Work instructions
Using the records below, please work out how many lines contain "meters"; answer with the number alone.

Source information
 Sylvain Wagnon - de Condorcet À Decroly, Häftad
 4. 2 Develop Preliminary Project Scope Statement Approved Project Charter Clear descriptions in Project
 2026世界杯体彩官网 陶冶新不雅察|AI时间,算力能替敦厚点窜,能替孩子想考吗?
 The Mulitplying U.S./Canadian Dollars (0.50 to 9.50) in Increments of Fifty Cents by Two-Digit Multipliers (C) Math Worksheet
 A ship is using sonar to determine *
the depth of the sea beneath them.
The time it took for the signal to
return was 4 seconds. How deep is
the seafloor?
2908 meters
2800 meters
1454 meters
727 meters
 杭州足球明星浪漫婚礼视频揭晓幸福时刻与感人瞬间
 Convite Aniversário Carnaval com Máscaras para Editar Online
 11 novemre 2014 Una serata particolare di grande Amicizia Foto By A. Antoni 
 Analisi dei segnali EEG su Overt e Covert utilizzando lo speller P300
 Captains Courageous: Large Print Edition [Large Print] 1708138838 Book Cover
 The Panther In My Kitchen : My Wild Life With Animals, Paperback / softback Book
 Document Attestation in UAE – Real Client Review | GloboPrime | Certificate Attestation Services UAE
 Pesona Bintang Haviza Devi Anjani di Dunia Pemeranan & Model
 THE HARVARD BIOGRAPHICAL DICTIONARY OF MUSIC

Exercise solution
4